Traditional distinctions are blurring between who generates and who utilizes research results. The scientific method is no longer the unique source of legitimate knowledge, as knowledge emerging from non-scientific groups or populations (also known as “indigenous” or local knowledge) is progressively gaining acceptance. By actively dismantling barriers to participation in science, public policy is redefining (explicitly or implicitly) the social contract between science and society. Public research institutions are being encouraged to work more closely with industry, or with societal / not for profit organizations to drive commercial and social innovation. Contested knowledge and new lines of research have been generated in the process, and further interactions with actors from both academic and non-academic backgrounds is becoming the rule rather than the exception. Some policies encourage this expanded participation in science by designing ‘open innovation’ platforms that promote collaboration and accelerate problem solving in technical and social domains. Abstracts are invited that identify the opportunities and challenges of science granting councils in promoting these emerging forms of participation, evaluation of such modalities, and their broader impact on shaping research.


Research performance and impact have until recently been measured and valued almost exclusively in terms of the knowledge production validated in the scholarly environment (peer reviewed publications, citations, journal impact factors and more). Other forms of knowledge production are usually more difficult to account for and the number of publications generated is but one indicator which does not accurately capture the variety of research practices, types of outputs generated or the anticipated societal impacts to which research is expected to contribute. In the wider interaction between public and private actors, and between different constituencies, the “traditional” measures of research impact are increasingly being questioned by researchers themselves. Private and public research organizations, as well as funding agencies, are seeking to demonstrate the value of public investments, and are in need of new assessment tools, both to validate their own strategies and to evaluate the larger effects of research on society. Abstracts are invited that present new or experimental developments including metrics, frameworks and approaches for tracking, measuring and evaluating research performance and diverse types of impact.
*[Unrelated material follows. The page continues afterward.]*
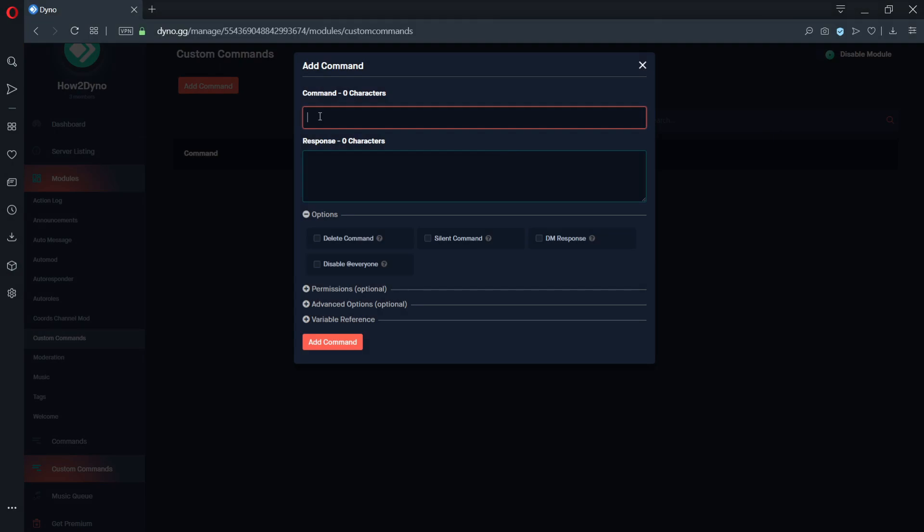Now let's walk through our various custom command fields. The field labeled command is where you'll insert your custom command name. This field is required. Your command name cannot include spaces and cannot share a name with any of Dino's default commands.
While numerous countries have long-standing interests in promoting international scientific cooperation, far fewer can point to sustained initiatives despite the fact that international mobility for training or research is known to be a major contributor to building research capacity. There is, however, a shift occurring with the emerging middle-income powers playing a leading role in designing and funding international scientific cooperation. As the research capacity of these and other countries have strengthened (institutions, research groups, universities, and private or NGO R&D), governments and research institutions have utilized scientific cooperation agreements and policy tools to support their own strategic objectives. This has led to a proliferation of bilateral science-based programs with North American and European countries, as well as a range of new South-South and so-called triangular cooperation programs. Through these diverse partnership arrangements, countries seek to advance a range of interests including strengthening scientific expertise, acquiring technology, promoting diplomatic relations, and tackling shared challenges like pollution, water scarcity, climate change, biodiversity, or disease prevention and control. Abstracts are invited that explore the actual dynamics and effects of international collaborations, as well as new developments in South-South, or triangular research cooperation.